DATASET EXTRACT Start Marker

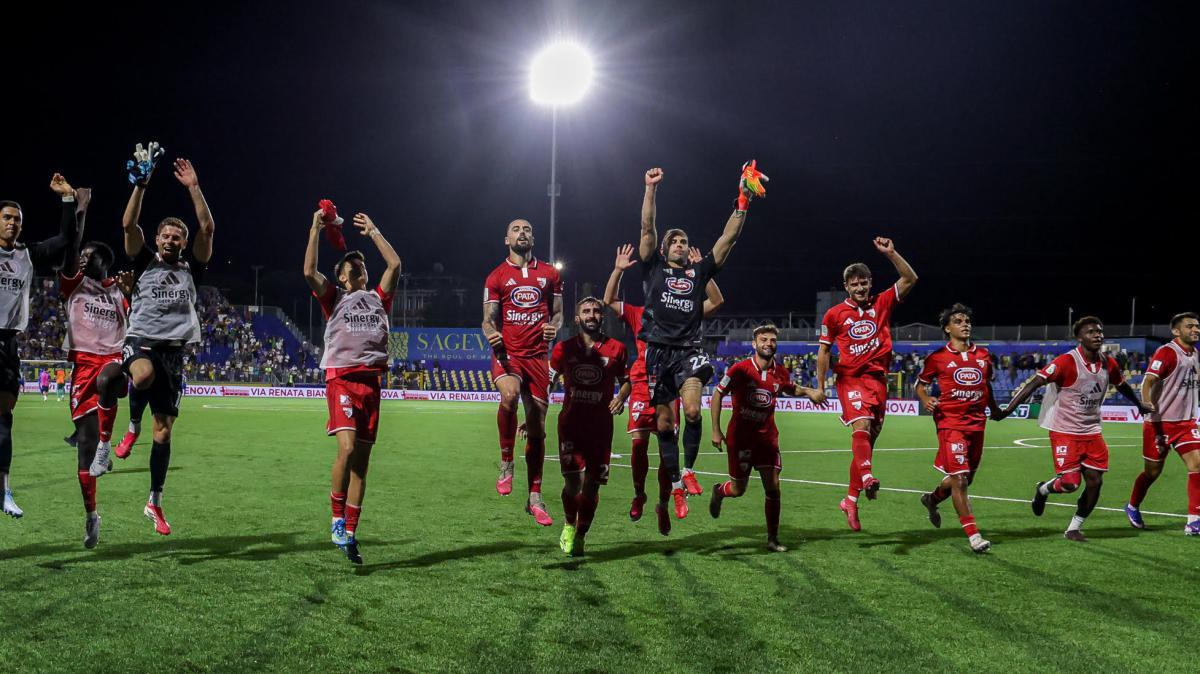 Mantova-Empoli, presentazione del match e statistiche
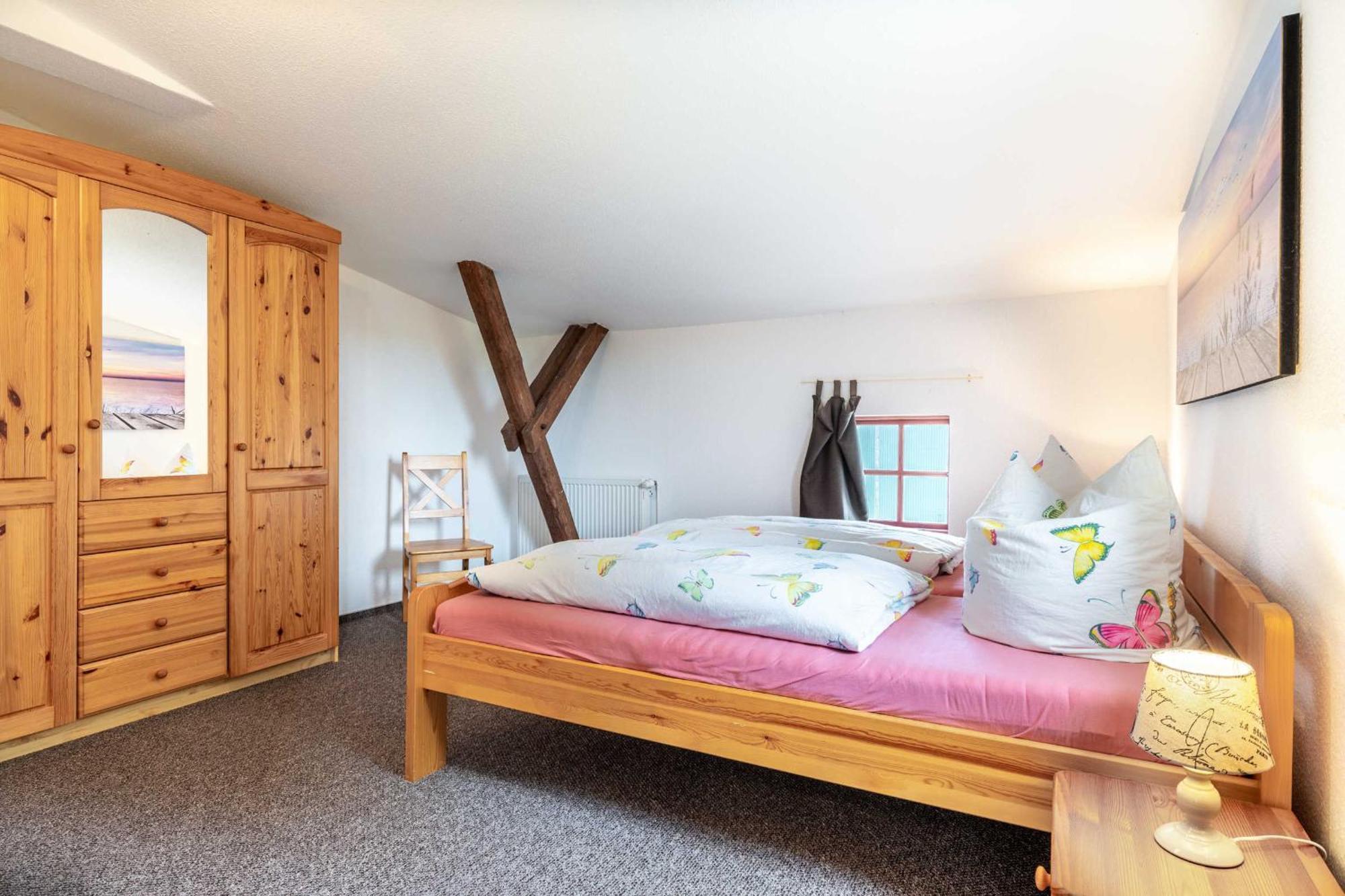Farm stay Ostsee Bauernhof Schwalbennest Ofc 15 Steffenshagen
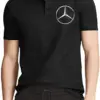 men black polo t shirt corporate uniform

DATASET EXTRACT End Marker

Restate the material above word for word, omitting the pictures.

- [TASK SOLUTION]:
 Mantova-Empoli, presentazione del match e statistiche
Farm stay Ostsee Bauernhof Schwalbennest Ofc 15 Steffenshagen
 men black polo t shirt corporate uniform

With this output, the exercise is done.